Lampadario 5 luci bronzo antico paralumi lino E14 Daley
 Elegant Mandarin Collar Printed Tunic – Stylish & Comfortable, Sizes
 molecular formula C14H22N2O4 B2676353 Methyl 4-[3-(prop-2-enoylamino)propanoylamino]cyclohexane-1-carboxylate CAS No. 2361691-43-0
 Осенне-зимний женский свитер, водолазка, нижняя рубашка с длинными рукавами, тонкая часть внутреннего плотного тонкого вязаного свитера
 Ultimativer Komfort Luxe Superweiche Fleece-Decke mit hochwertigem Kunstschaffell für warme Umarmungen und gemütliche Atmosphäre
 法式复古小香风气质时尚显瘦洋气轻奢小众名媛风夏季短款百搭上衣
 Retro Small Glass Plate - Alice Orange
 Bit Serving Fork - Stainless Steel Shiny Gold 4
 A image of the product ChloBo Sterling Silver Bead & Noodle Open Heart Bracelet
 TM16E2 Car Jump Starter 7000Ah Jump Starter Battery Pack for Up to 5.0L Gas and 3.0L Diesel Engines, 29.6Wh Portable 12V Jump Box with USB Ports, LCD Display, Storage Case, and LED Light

────────────────

• **Exercise directions**:
Give back, word for word, the lines from the one with "Ultimativer Komfort Luxe" through the last line of the entries, both included, and no other line.

• **Expected answer**:
 Ultimativer Komfort Luxe Superweiche Fleece-Decke mit hochwertigem Kunstschaffell für warme Umarmungen und gemütliche Atmosphäre
 法式复古小香风气质时尚显瘦洋气轻奢小众名媛风夏季短款百搭上衣
 Retro Small Glass Plate - Alice Orange
 Bit Serving Fork - Stainless Steel Shiny Gold 4
 A image of the product ChloBo Sterling Silver Bead & Noodle Open Heart Bracelet
 TM16E2 Car Jump Starter 7000Ah Jump Starter Battery Pack for Up to 5.0L Gas and 3.0L Diesel Engines, 29.6Wh Portable 12V Jump Box with USB Ports, LCD Display, Storage Case, and LED Light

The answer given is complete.